Our interview for the April -- June Critical Thinking with Paul Scharre--he's a Ranger vet who did tours in Iraq and Afghanistan who is now a robotics expert at the Center for a New American Security--covered so much good material, but we didn't want to leave it on the cutting room floor. Here's Scharre on how DOD should pick which advances in robotics and artificial intelligence (AI) to pursue.

ARMY AL&T: It's a high-stakes game of predicting the future, better testing and lower barriers to entry and innovation for the work of research labs and outside industry.

SCHARRE: It's just so hard to predict what technologies are going to matter. The most important thing, if you want to think about maintaining advantage, is to create bureaucratic structures and organizations that allow the Army to rapidly innovate--so units that go out in the field and do experiments, demonstration, processes of competitive doctrine development and concept of operations development. The more the Army can foster these various models of innovation--the more different, diverse processes you have, a diverse group of ideas and people together--the better in terms of connecting warfighters and engineers and really hard problems. And then shaking the box, and encouraging creativity and outside-the-box thinking and new solutions. That's what we're going to need if the United States is going to stay competitive in the long run.

So, for example, you look at the DARPA Grand Challenge [in 2007] with automobiles. [For more on historic military experimentation with driverless vehicles, go to "Nobody, Take the Wheel!"] It wasn't really good enough that you could transition any of it to military stuff, but initial competitors in the Grand Challenge went on to work in Google and places in the automobile industry where they're now maturing those technologies. Eventually they might be good enough that the military says, OK, I want to take those autonomous vehicles and apply them to military settings, which will be different. We won't have mapped the environment--we might be in a GPS-degraded or denied environment--and it's going to be more challenging. So we want to apply those [technologies].

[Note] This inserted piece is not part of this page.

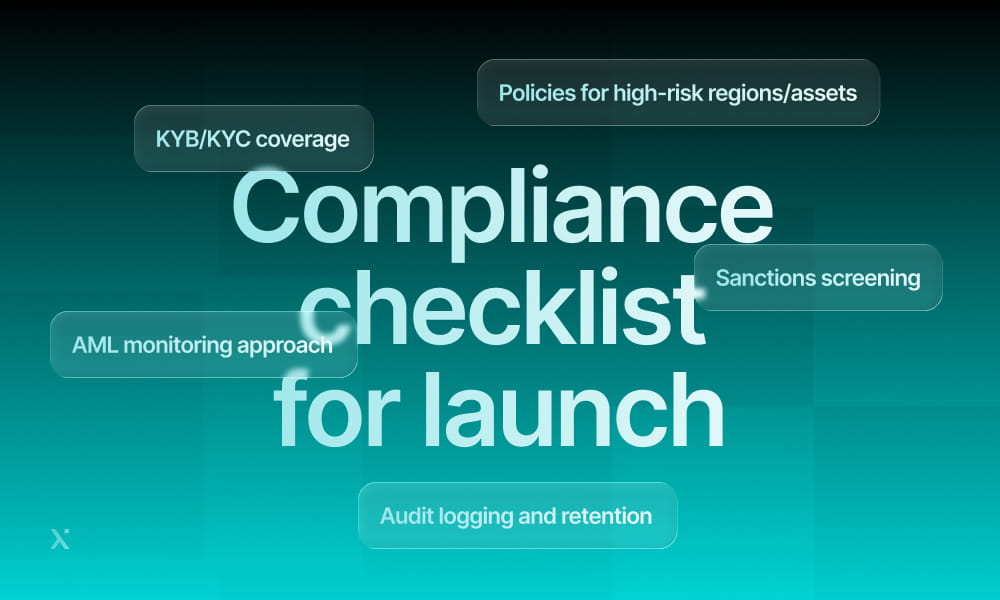 A teal gradient background with Compliance checklist for launch prominently displayed. Surrounding text bubbles list: KYB/KYC coverage, Policies for high-risk regions/assets, Sanctions screening, AML monitoring approach, and Audit logging and retention. Tone is professional and organized.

But the problem is that DOD has erected barriers to that happening. There are barriers within DOD for a research lab transitioning into a program of record; there are even larger barriers going from commercial innovations into DOD. And a number of smart folks in the acquisition community are trying to find ways around those barriers.

ARMY AL&T: The Army could be doing more in terms of thinking long-term about how robotics might shape the battlefield, what would conflict look like if militaries moved heavily into robotics and automation and AI.

SCHARRE: That's a place where we're sort of sketching out the hazy contours of the future, but the more we can expand our primer and start thinking about new ways of use, the better. If you look at the interwar period, there were people in the U.S. Navy who dismissed the potential for aircraft to be used as a decisive advantage to sink battleships into Pearl Harbor. We don't want to be there. We don't want that to be our wake-up moment of wow, this technology is transformative, and then we have a Pearl Harbor moment.

You know what I want to see? I want to see a new Louisiana Maneuvers for robotics and automation and human-machine teaming: Do a series of exercises where we go into the field and we experiment and we break things and try new ideas, and we keep doing it. You know, the first DARPA Grand Challenge [in 2004] was a miserable thing. The robot didn't go anywhere. And they came back the next year, and then they were able to drive it across the desert. And it's only through that iterative process of really hard problems and trying to solve them that we can come up with solutions.